*Task prompt*: An acceptable answer repeats exactly the line with "正規料金の対義語・反対語を使用例を交えて分かりやすく解説!" and each line after it through the end of the entries, and includes nothing else.

Brief descriptive captions
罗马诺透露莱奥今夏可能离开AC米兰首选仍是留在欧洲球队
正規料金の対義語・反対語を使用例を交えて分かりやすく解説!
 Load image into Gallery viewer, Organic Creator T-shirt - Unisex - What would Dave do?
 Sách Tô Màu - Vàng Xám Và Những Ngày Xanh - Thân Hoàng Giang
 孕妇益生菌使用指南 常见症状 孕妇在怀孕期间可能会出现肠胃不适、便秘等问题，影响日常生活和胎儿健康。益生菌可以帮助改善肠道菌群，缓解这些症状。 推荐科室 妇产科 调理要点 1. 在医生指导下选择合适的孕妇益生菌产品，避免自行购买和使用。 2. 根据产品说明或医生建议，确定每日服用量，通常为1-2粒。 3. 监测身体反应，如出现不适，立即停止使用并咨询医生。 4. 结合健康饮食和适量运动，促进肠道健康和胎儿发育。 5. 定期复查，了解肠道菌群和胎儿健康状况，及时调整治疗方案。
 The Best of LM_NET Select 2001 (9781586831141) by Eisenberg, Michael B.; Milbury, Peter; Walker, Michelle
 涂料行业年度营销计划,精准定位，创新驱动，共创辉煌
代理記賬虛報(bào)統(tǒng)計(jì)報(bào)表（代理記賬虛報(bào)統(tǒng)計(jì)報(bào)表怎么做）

*Output*:
正規料金の対義語・反対語を使用例を交えて分かりやすく解説!
 Load image into Gallery viewer, Organic Creator T-shirt - Unisex - What would Dave do?
 Sách Tô Màu - Vàng Xám Và Những Ngày Xanh - Thân Hoàng Giang
 孕妇益生菌使用指南 常见症状 孕妇在怀孕期间可能会出现肠胃不适、便秘等问题，影响日常生活和胎儿健康。益生菌可以帮助改善肠道菌群，缓解这些症状。 推荐科室 妇产科 调理要点 1. 在医生指导下选择合适的孕妇益生菌产品，避免自行购买和使用。 2. 根据产品说明或医生建议，确定每日服用量，通常为1-2粒。 3. 监测身体反应，如出现不适，立即停止使用并咨询医生。 4. 结合健康饮食和适量运动，促进肠道健康和胎儿发育。 5. 定期复查，了解肠道菌群和胎儿健康状况，及时调整治疗方案。
 The Best of LM_NET Select 2001 (9781586831141) by Eisenberg, Michael B.; Milbury, Peter; Walker, Michelle
 涂料行业年度营销计划,精准定位，创新驱动，共创辉煌
代理記賬虛報(bào)統(tǒng)計(jì)報(bào)表（代理記賬虛報(bào)統(tǒng)計(jì)報(bào)表怎么做）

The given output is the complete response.